The hole you cut out obviously doesn’t fit. Kerf is divided into two separate shapes. You need to cut a separate circle with the nominal diameter, the kerf setting takes care of the rest. And it is also important that the shape must be closed, otherwise it will not work.

Of course, I have saved the file in open office format, which should be openable in all spreadsheet programs.

(txt must be replaced with ods)
If you have problems with that, let me know and I’ll find another solution.

Procentregning LightBurn.txt (10.8 KB)

Thank you, that will be a big help as I am wanting to make a lot of boxes.

You can try playing a little with the kerf settings and see how it looks in preview. It is actually quite interesting and clear.
In my example, it is square with 40mm and 0.5mm kerfsetting to be able to see it.

I can’t seem to get it to open right. Would it be to much trouble to take a screen shot and just send that? Unless you know of something easier?

I once lasered a 20x20mm block, and found out that X was good, but Y was 0.5 mm smaller, so 1.95 mm, so I calibrated it, tomorrow I’ll see if it is better now.

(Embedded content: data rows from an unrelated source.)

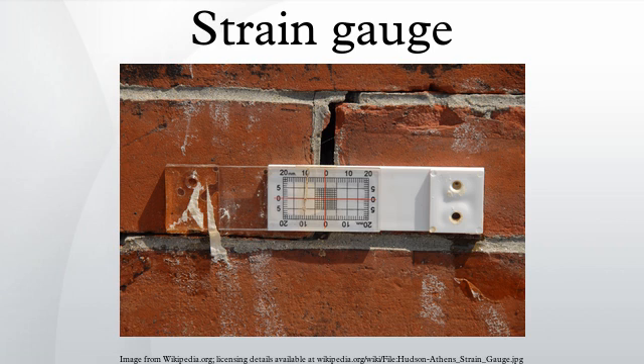In the illustrated example, the two halves of the device are rigidly attached to the foundation wall on opposite sides of a crack. The red reference lines are on the transparent half and the grid is on the opaque white half. Both vertical and horizontal movement can be monitored over time. In this picture, the crack can be seen to have widened by approximately 0.3 mm since the gauge was installed. More sophisticated mechanical types incorporate dial indicators and mechanisms to compensate for temperature changes, and can measure movements as small as 0.002 mm.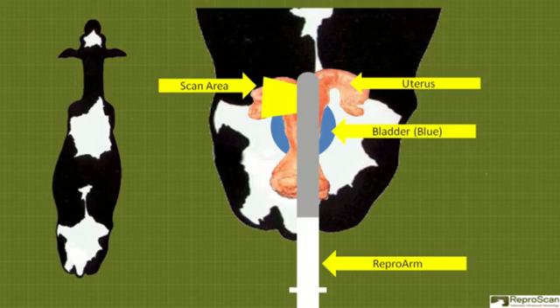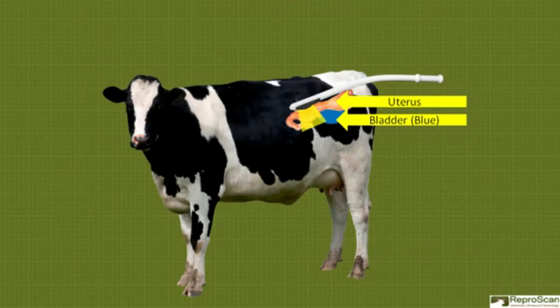Here's a schematic diagram looking down at a cow to show the scan area in yellow, the uterus, the bladder in blue, and the Repro arm with the portion in the cow shown in grey. Here's a side view. The uterus is not really to scale, but there's the uterus, the bladder, and the Repro arm.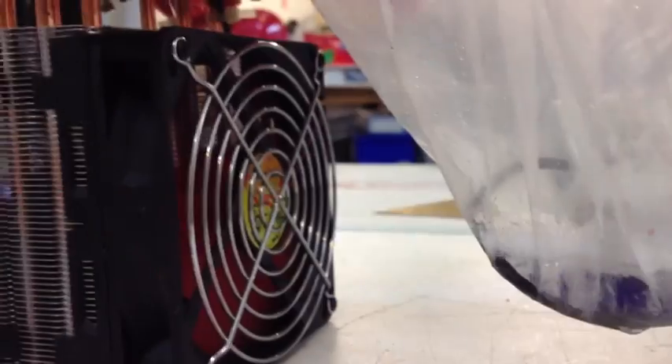Here we see the Freon now boiling back into a gas. Fan is blowing room temperature over it.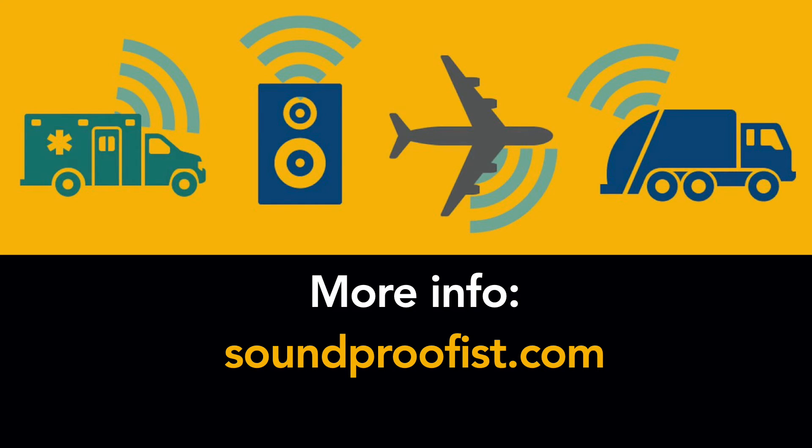That's it. I hope you found this helpful. For more information about soundproofing, noise, and acoustics, visit soundproofist.com.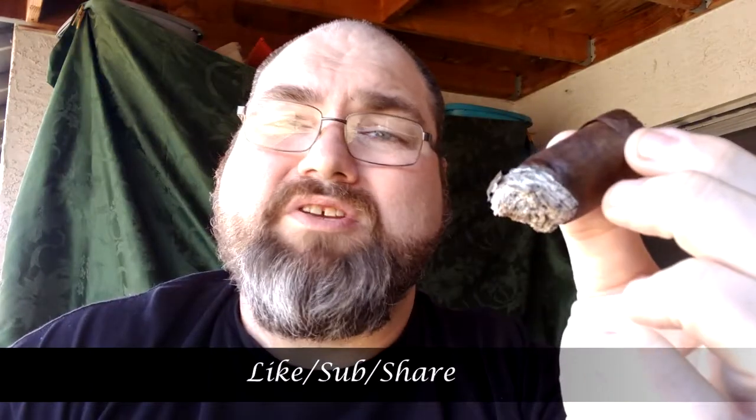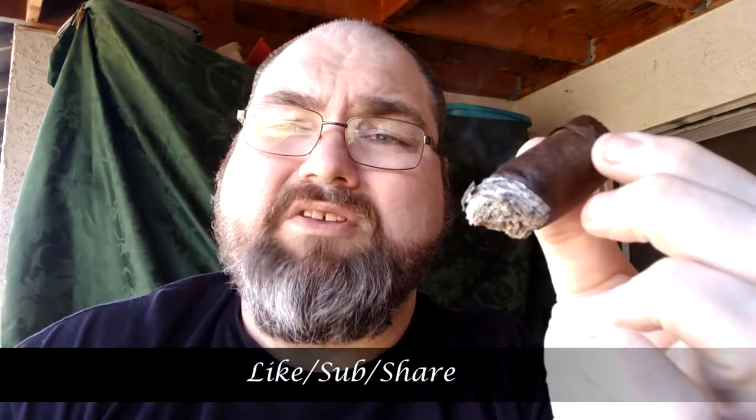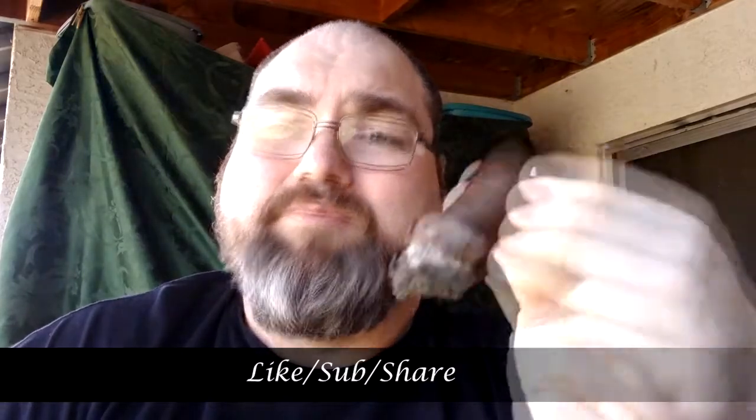If you like this video, please hit like and subscribe. Always leave your comments. Thanks again for tuning in to Cigars and Whiskey. Have a great day, have a great smoke. I'll see you next time.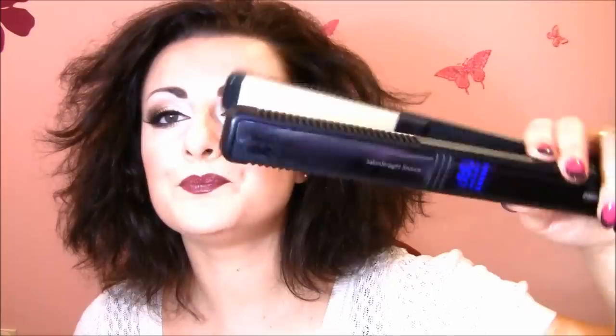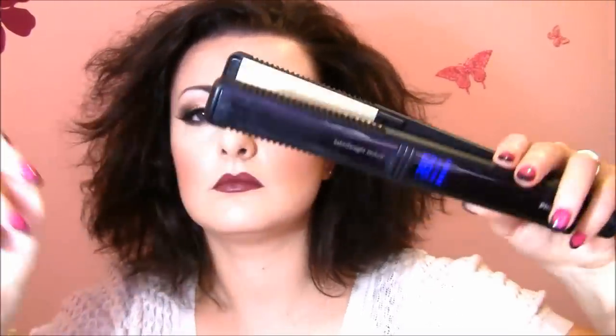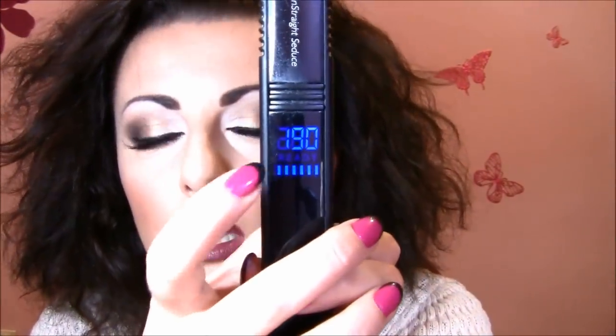I'm going to show you how you can straighten this kind of frizzy, curly hair. I'm gonna use the Philips Salon Straight Seduce, which has ceramic plates, and I'm going to set it to 190 degrees Celsius.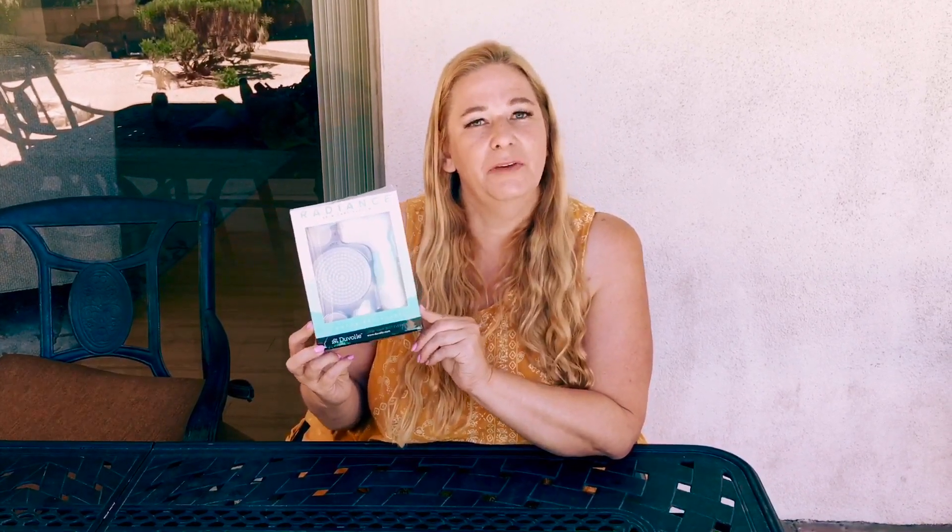Today I get to give you guys a review on the Duval Radiance Skin Care System. This company is mostly known for their hair tools, which I also had the pleasure of experiencing and I really liked.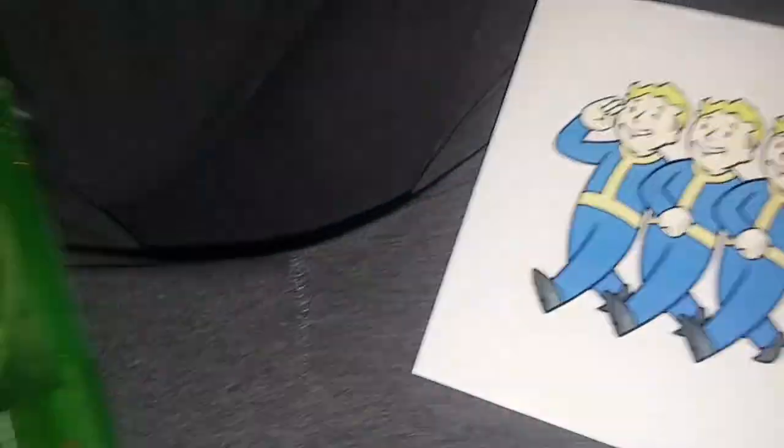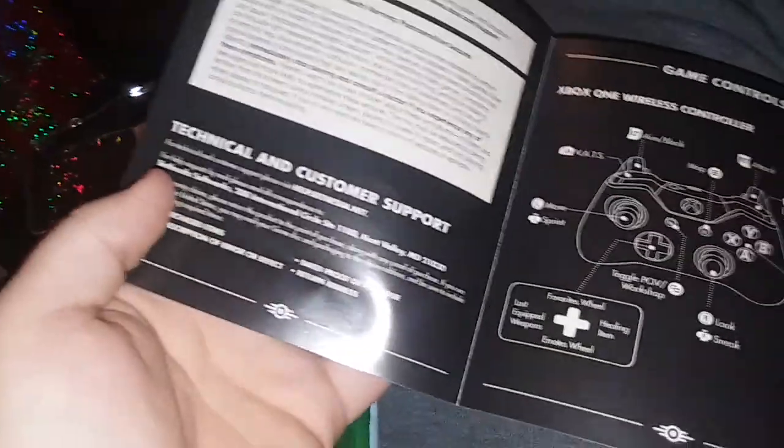Xbox exclusive inside. Let's take a quick peek into it real quick, make sure there's no codes. Yeah, there's a code, but that's what we're looking at - the inside of it.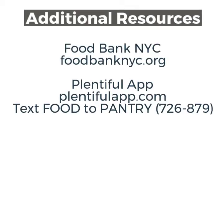Additional resources: Food Bank NYC — foodbanknyc.org. Plentiful app — plentiful.com. Text FOOD to 726-879.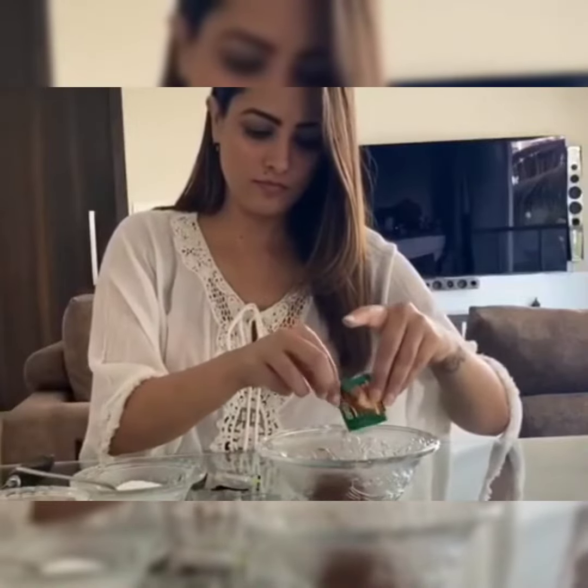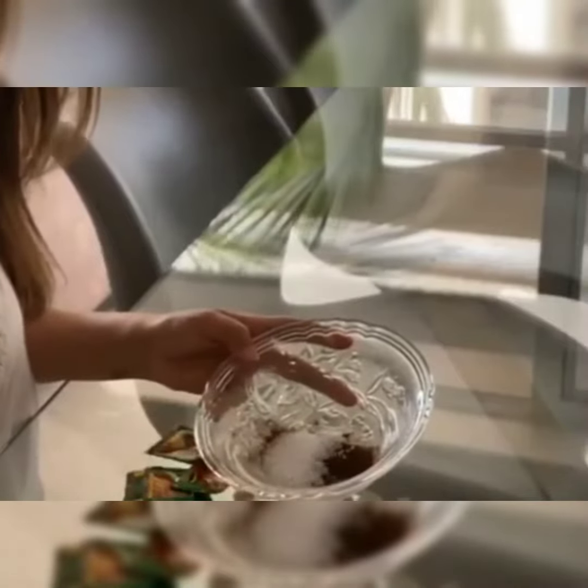For two sachets of the instant brew, I'm going to add two teaspoons of sugar — less sugar, because I'm going to add something else later — some warm water, and start to whip.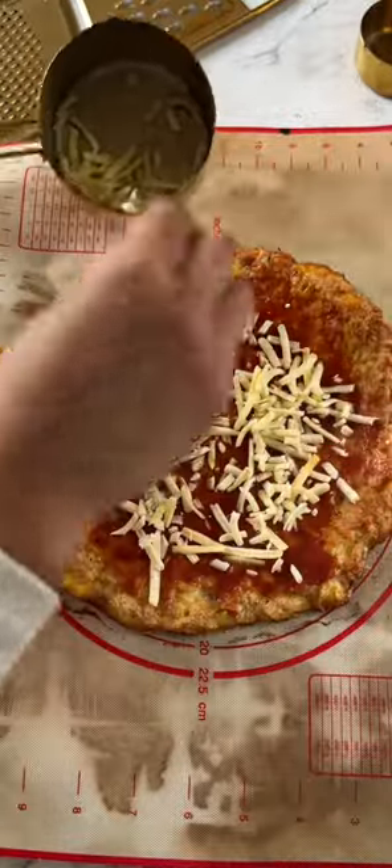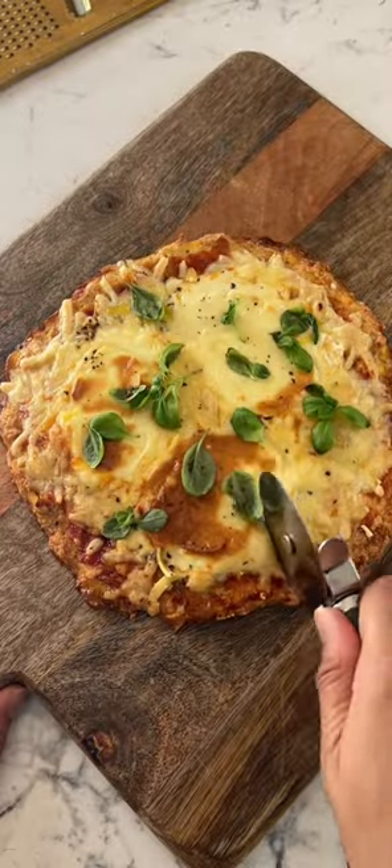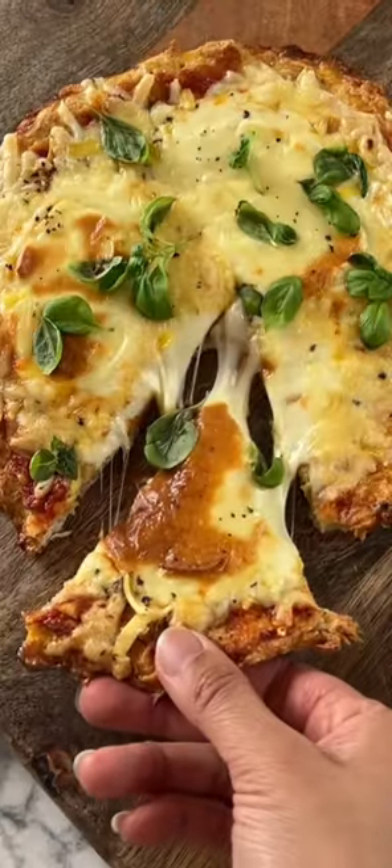Add your toppings of choice and then bake for another five minutes until golden brown. And there you literally have the easiest, healthiest, most delicious low-carb pizza. Follow me, Amy Lee, for my healthy easy recipes.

Sorry you can’t open it, you changed the extension to “.ods”?
Anyway, here’s the Screen dump with both formulas.

down
up

Thank you for that. I really do appreciate it.

The file for the formula opens if you have open office…Thanks for it…

@Bernd.dk

how did you get that 106,666
could you explain how to do that??
I now have 3mm MDF and would like the drawing a bit bigger, because a lot doesn’t fit now
do you have a movie showing how to do it???

.look for question

6.6666% is what is needed to get to 3.2mm from 3mm.
100 as a starting point from the original plus the 6.6…% must then be entered in LightBurn.

You can use the formula or the small spreadsheet to enter any material thickness and the desired value.

If it is “only” the fit itself that needs to be fine-tuned, kerf is used for that. (I use 0.05-0.075 as a standard for my finger joints, I like them a bit tight.

what is KERF?? the translator also returns KERF, but I don’t know what that is.